The Great Wall of China

After reading Lindsay’s “China’s Three Gorges Dam,” I could not refrain myself from writing about one of the most important monuments in China’s history, The Great Wall of China. Because the Great Wall is not nearly as new as the Three Gorges Dam, it poses subtler questions about its effects on nature. It in fact is so old that it seems like a part of nature itself, much like how we consider the Stonehenge to be a part of nature. But in actuality, it is the product of the human hand, literally.

I cannot help to wonder how such a huge structure, over five thousand miles long, would have affected nature and its animals. How many habitats were destroyed with the construction of this unthinkably massive wall? Such questions inundate my mind, for I would never have thought that this revered structure, built to prevent destruction of humanity from war, ironically, could have caused major damage to nature. I am very surprised that I had never thought of this topic before, but then again, the Great Wall successfully shrouded itself with its blanket of grass and trees in order to blend into nature.

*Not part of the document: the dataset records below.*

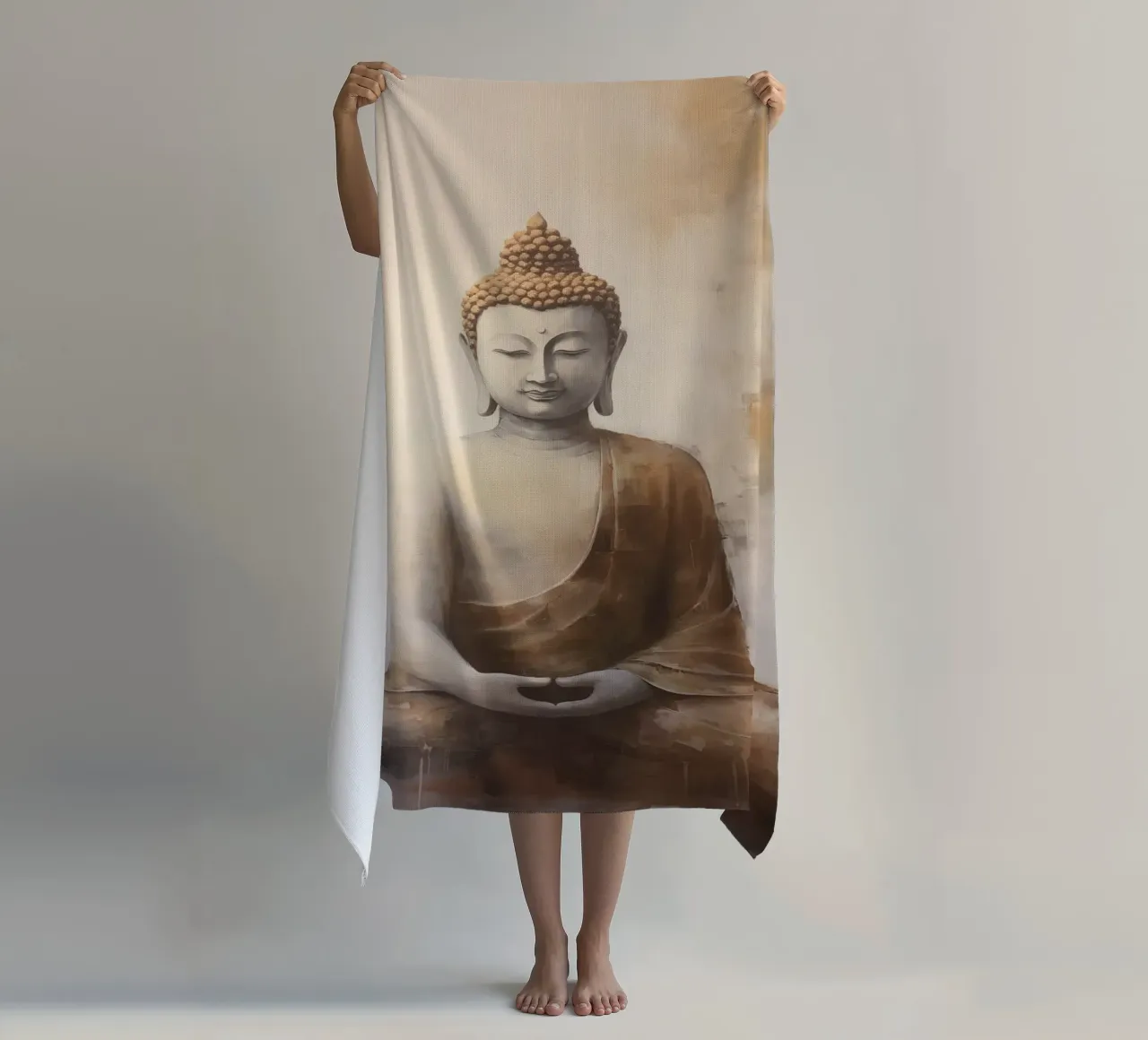 Buddha telo mare da Imagine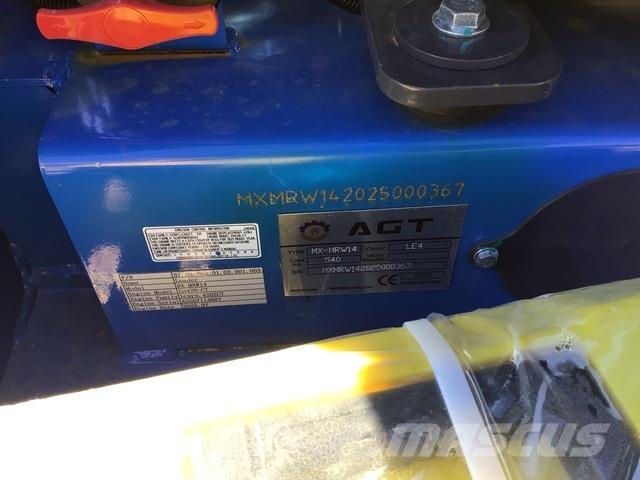 AGT MX-MRW14  스키드로더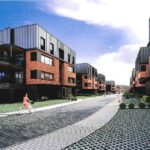 16.01.2020 Wizualizacja osiedla przy ul. Wojska Polskiego w Kielcach / www.um.kielce.pl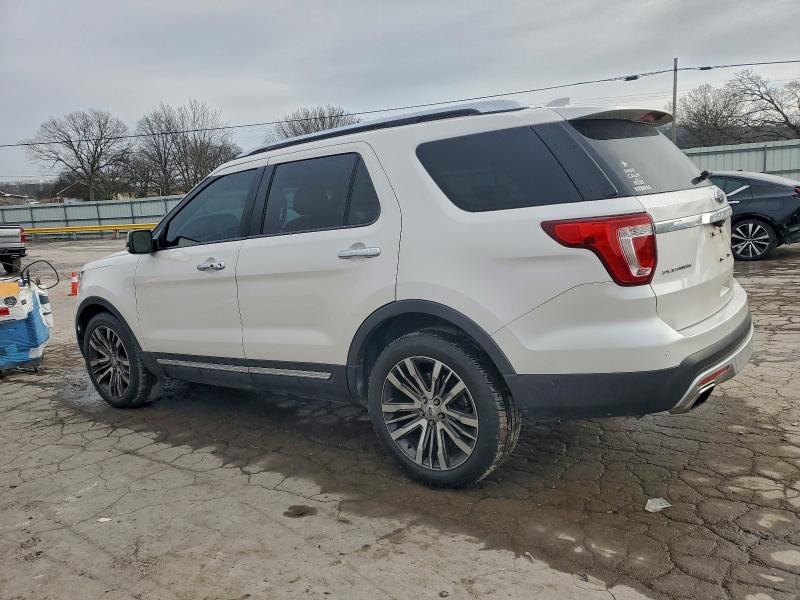 Photo 2 from auction – 2017 FORD EXPLORER P with VIN 1FM5K8HT6HGB59665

I wonder why there is always controversy about recent technological structures that could harm nature such as the Three Gorges Dam but not about things of the past such as the Great Wall. Is destroying nature with human technology a concept strictly limited to the present and the future? Why do we not talk about things of the distant past and their effects? Is it because humans were not harmful before, but are becoming increasingly so as we progress through time? And if this is true, how are we evolving so quickly? What are our outlooks for the future? I don’t know about you, but my mind is sufficiently blown.